In a previous post I talked about some thoughts on leadership that I gleaned at the IIT 2007 Global Alumni Conference. There was another very interesting panel I attended. This one had two Physics Nobel Laureates: Arno Penzias and George Smoot. They were interviewed by UC Berkeley Physics Professor Alex Filippenko. Penzias got the Nobel Prize with Robert Wilson for discovering the cosmic microwave background (CMB) radiation---the most direct evidence we have for the Big Bang. Smoot got the Nobel Prize with John Mather for discovering that the CMB radiation is anisotropic, i.e., the temperature of the radiation is irregular, rather than smooth. The anisotropy of the CMB radiation in the early universe eventually evolved into the planets, stars, galaxies, and galaxy clusters. Filippenko is an amazing lecturer, having won two of UC Berkeley's most coveted teaching awards and being voted "Best Professor" on campus five times.
The panel started with Filippenko giving a fascinating 20-30 minute tour of the developments in cosmology over the last century, starting with Edwin Hubble's discovery of the expanding universe, through the discoveries of Penzias and Smoot, to recent conundrums in cosmology involving dark energy and dark matter (which together account for about 96% of all the "stuff" in the universe!). This exposition itself was worth attending the panel. He then interviewed each Nobel Laureate, asking them about their work and what it felt like to receive the Nobel Prize.

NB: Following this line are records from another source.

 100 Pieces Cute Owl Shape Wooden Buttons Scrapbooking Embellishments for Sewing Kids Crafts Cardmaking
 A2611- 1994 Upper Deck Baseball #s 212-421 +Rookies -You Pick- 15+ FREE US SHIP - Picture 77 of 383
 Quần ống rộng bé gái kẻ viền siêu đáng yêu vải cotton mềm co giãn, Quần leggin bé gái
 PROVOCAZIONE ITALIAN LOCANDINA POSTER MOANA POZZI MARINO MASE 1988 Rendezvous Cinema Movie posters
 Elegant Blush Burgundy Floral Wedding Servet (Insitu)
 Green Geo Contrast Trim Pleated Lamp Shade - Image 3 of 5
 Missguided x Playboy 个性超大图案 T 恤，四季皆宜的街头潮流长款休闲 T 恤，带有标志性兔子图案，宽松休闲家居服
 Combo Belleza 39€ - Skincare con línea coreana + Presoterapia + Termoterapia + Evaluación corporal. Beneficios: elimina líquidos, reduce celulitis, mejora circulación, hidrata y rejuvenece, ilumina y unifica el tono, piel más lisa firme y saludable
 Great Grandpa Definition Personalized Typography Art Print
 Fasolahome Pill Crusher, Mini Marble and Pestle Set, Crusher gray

The most surprising thing they said was that they both spent roughly a whole year after their experiments were done verifying that there were no bugs in their experiment! They wanted to be absolutely sure that what they had measured truly provided evidence for the CMB and its properties. This involved a lot of grungy low-level work, unlike the cool and exciting work of taking the measurements in the first place. Penzias and Wilson would do things like ensure that pigeon poop wasn't corrupting the signals in their radio telescope! And Smoot offered a round-trip ticket to anywhere in the world for any one on his team who discovered a problem with the experiment! This is an amazing demonstration of dedication to what we term QA (or Quality Assurance) in software engineering.
All in all, I thoroughly enjoyed this panel. Before I attended the panel, I wondered why the IIT 2007 organizer had arranged it---it's not as if any of the panelists were IIT alums. But then it struck me that most of the attendees, being IIT alumni, were just as geeky as me and no doubt enjoyed the panel just as much!